Le directeur des programmes en santé mentale et dépendance du CISSSO, Alain Godmaire

Rage au volant: coupable et absous dans le même avant-midi

Le directeur des programmes en santé mentale et dépendance du Centre intégré de santé et de services sociaux de l’Outaouais (CISSSO), Alain Godmaire, a été déclaré coupable d’une accusation de voies de fait, vendredi, au palais de justice de Gatineau. Il a toutefois bénéficié rapidement d’une absolution inconditionnelle du tribunal, moyennant un don de 400 $.

M. Godmaire a été impliqué dans un bref instant de rage au volant, le 16 juillet 2017, sur le boulevard de La Vérendrye, à Gatineau.

Il s’en est sorti sans antécédent judiciaire.

Selon la preuve de la Couronne, M. Godmaire s’est impatienté derrière un automobiliste qui n’avançait pas, à un feu vert, sur la Montée Paiement.

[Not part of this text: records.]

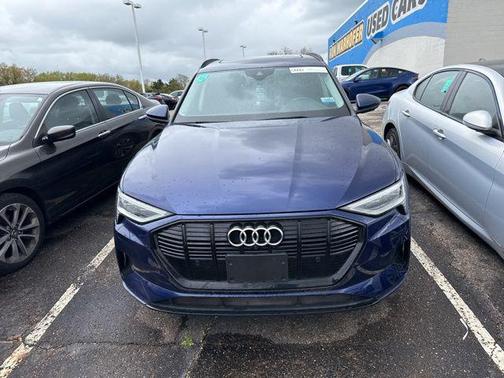 2021 Audi e-tron Premium Plus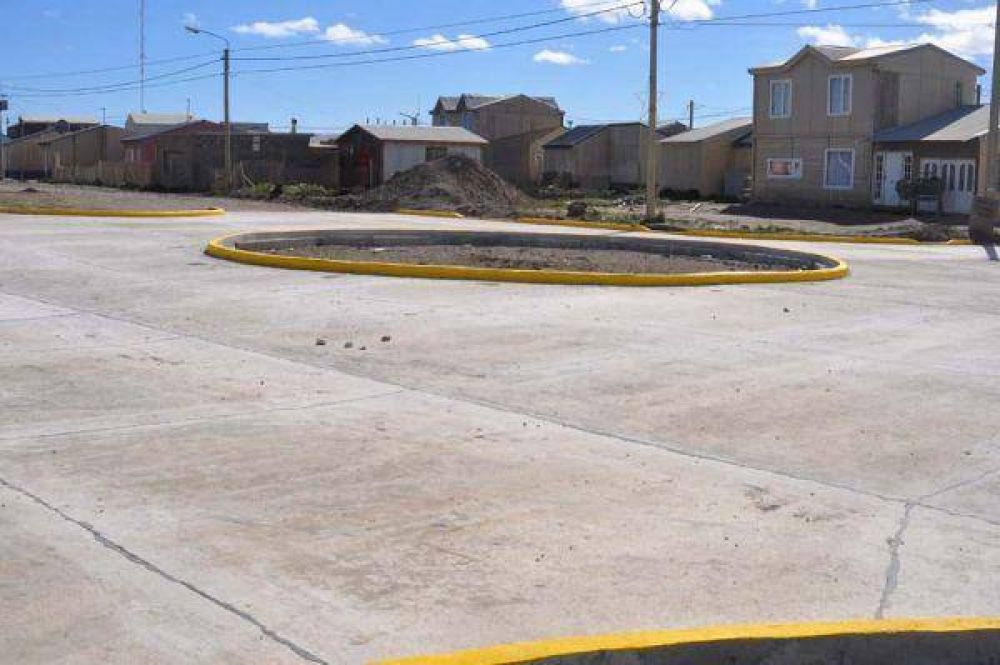 Rotondas en la Margen Sur: �Nos satisface ver el avance de las obras� dijo Alejandro Nogar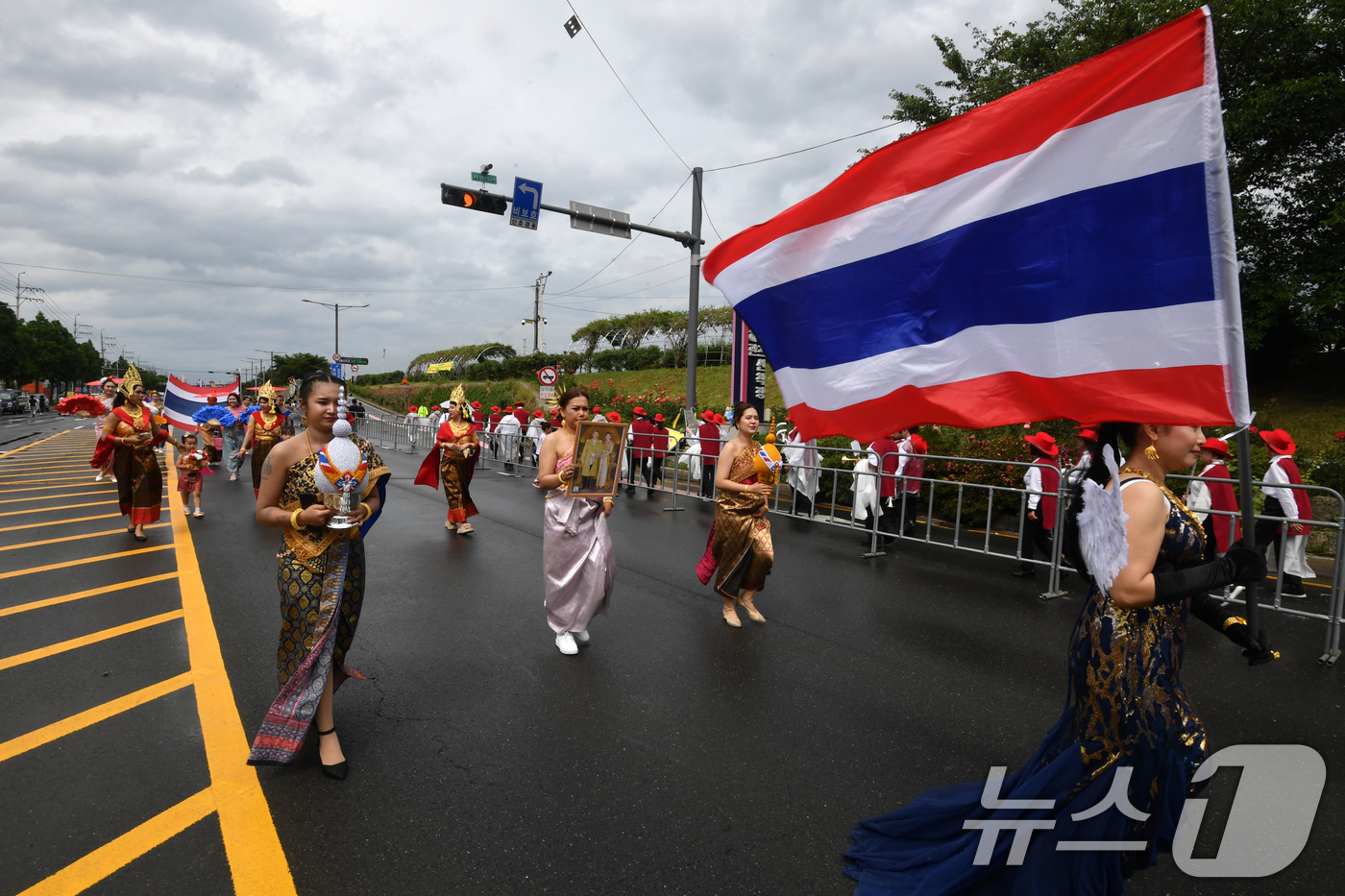 (포항=뉴스1) 최창호 기자 = 21일 오후 경북 포항시 남구 운하거리에서 '2025 포항국제불빛축제' 불빛 퍼레이드가 시작되고 있다.포항국제불빛축제는 세계적인 철강 도시 포항을 …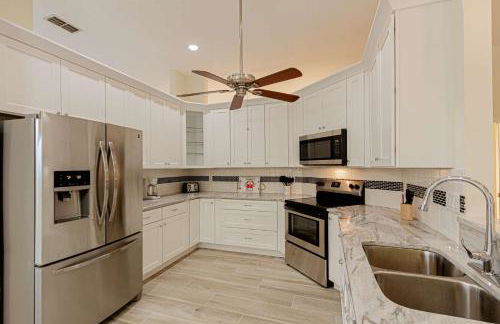 Crown Pointe-Mabry Drive - Photo 2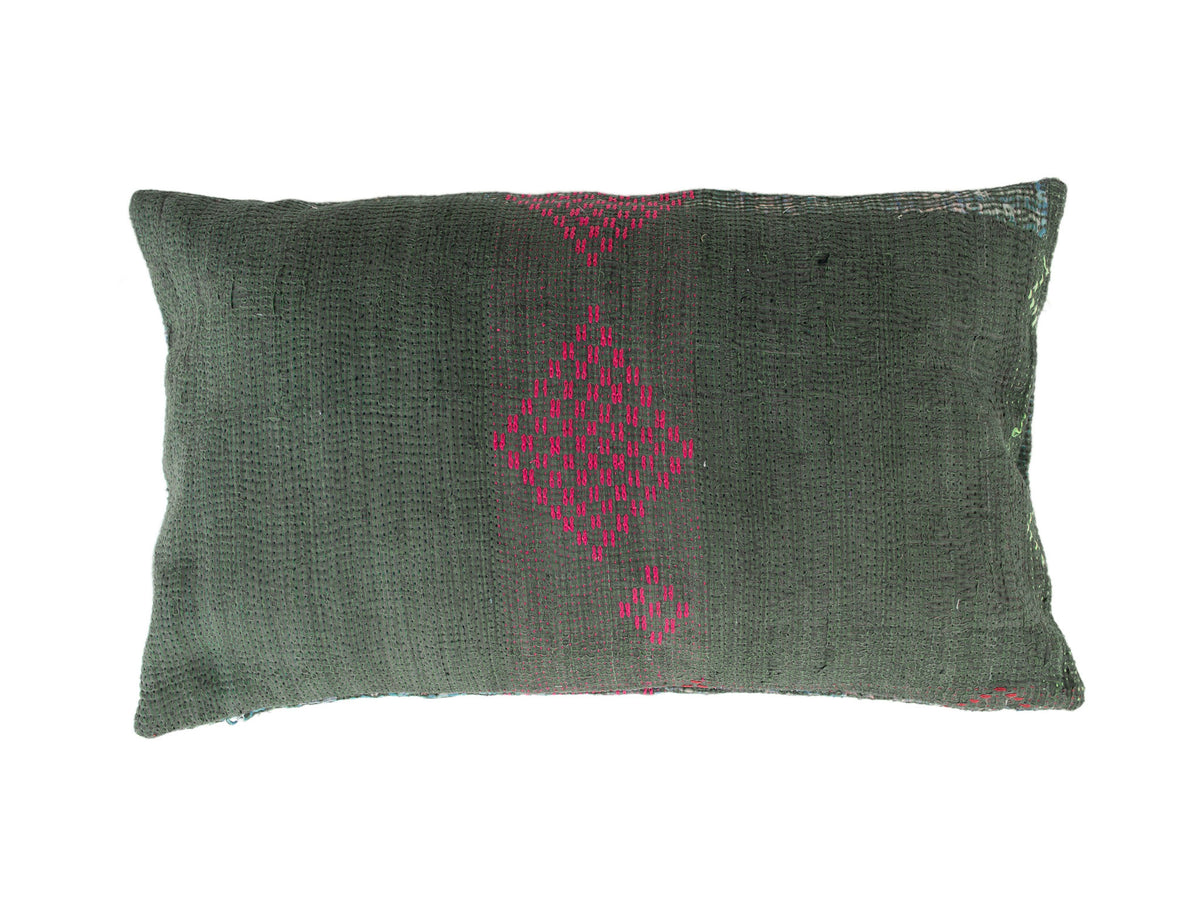 Sari cushion cover 30x50 in cream white with colorful small floral and patterned stars, discreet stripes and bohemian/Indian vintage border in dark blue and red, unique sari cushion for the sofa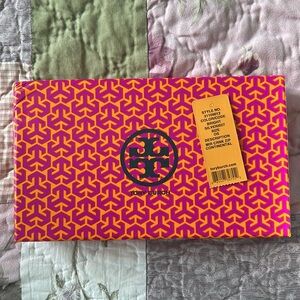 New in Box Tory Burch Clutch Wallet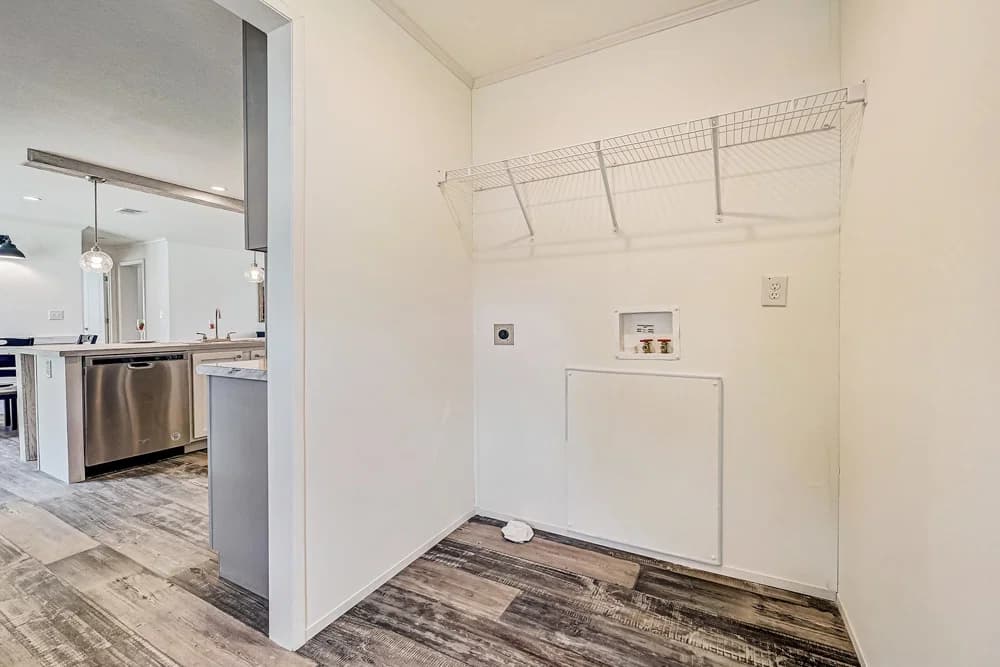 Morvin interior home features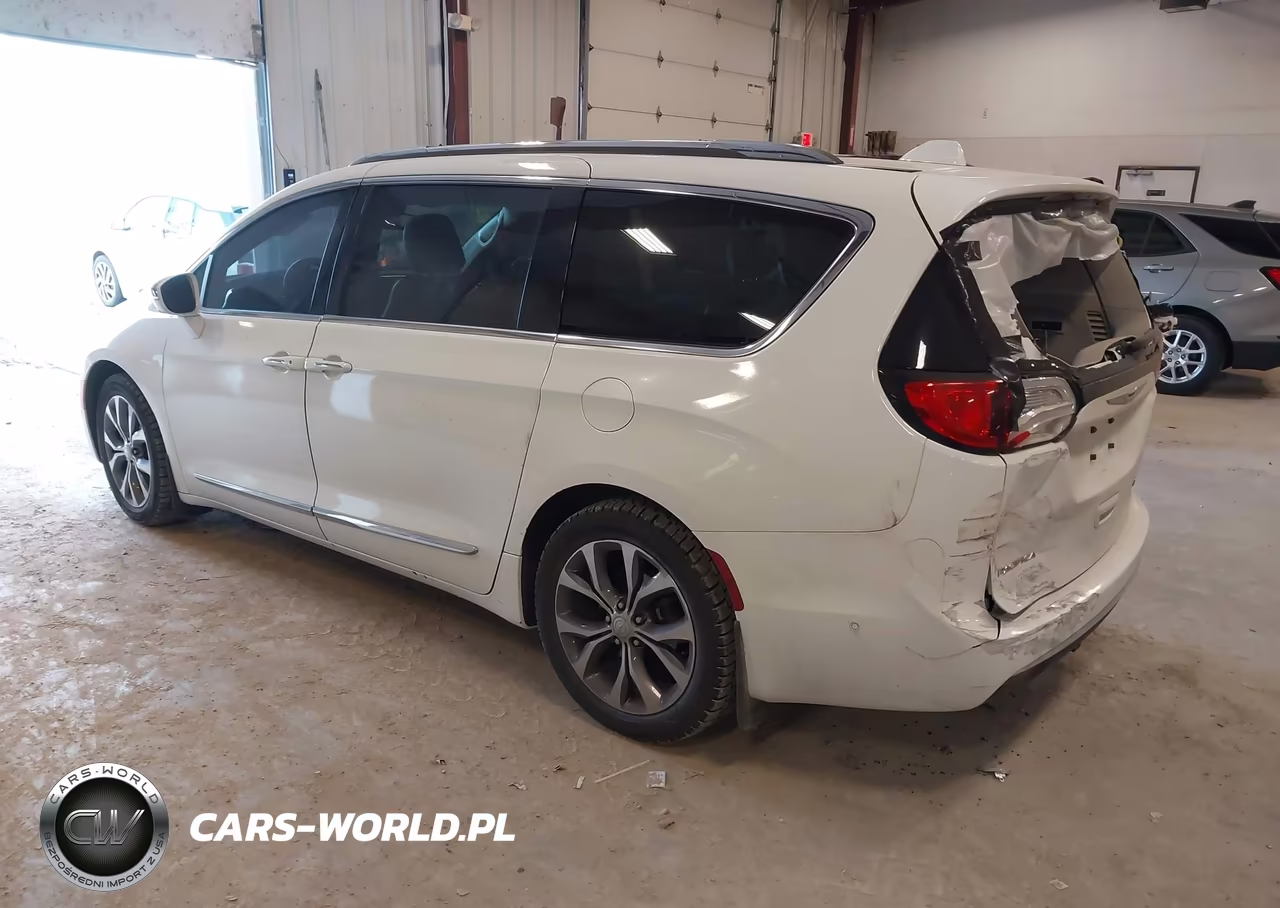2017 Chrysler Pacifica Limited VIN:2C4RC1GG2HR544833 - 3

Le conducteur devant lui a lancé les hostilités en lui envoyant un premier doigt d’honneur. En tournant sur de La Vérendrye, un deuxième majeur a été signalé à M. Godmaire, qui a évité de justesse un « coup de roue » dans sa direction, alors qu’il circulait, plus tard, à la droite du plaignant.

M. Godmaire a finalement fait une manœuvre pour immobiliser son véhicule devant celui du plaignant, dans la voie de gauche.

Les deux hommes ont eu une altercation, et M. Godmaire a été accusé de voie de fait.

Ce dernier a plaidé la légitime défense, en affirmant que son belligérant avait fait un pas devant lui en affirmant « Es-tu sûr que tu veux aller jusque-là ? »

La juge Anouk Desaulniers a toutefois souligné que M. Godmaire aurait pu éviter une telle situation, bien que l’autre conducteur a fait preuve d’une témérité et d’un manque de savoir-vivre.

La juge a souligné plusieurs faits atténuants, et s’est d’ores et déjà dite prête à donner une absolution à M. Godmaire, qui n’a aucun antécédent judiciaire, et qui s’est dit très « peu fier » de ses gestes, aux policiers.

L’absolution est ordonnée lorsque l’accusé est coupable du crime, mais qu’il n’est pas bénéfique pour la société ou l’intérêt public de le condamner et de lui adresser un casier judiciaire.

Une amende, un don ou des travaux communautaires peuvent, par exemple, être exigés en retour.

Dans le cas de M. Godmaire, un don de 400 $ sera fait à la Fondation Santé Gatineau.

« Cette absolution n’est pas liée à la fonction que monsieur a, a commenté la juge. Il faut aussi penser au comportement de la victime. Et de donner un antécédent à M. Godmaire serait disproportionné. »

La porte-parole du CISSSO a réagi par écrit. « Bien que le CISSS de l’Outaouais ne cautionne pas les gestes que M. Godmaire a posés, rappelons que les accusations auxquelles il faisait face ne concernaient pas ses activités professionnelles. De plus, il a reçu une absolution inconditionnelle et n’aura pas de dossier criminel. Nous réitérons donc notre confiance envers M. Godmaire à titre de directeur de santé mentale et dépendance. Le CISSS de l’Outaouais ne commentera pas davantage la situation. »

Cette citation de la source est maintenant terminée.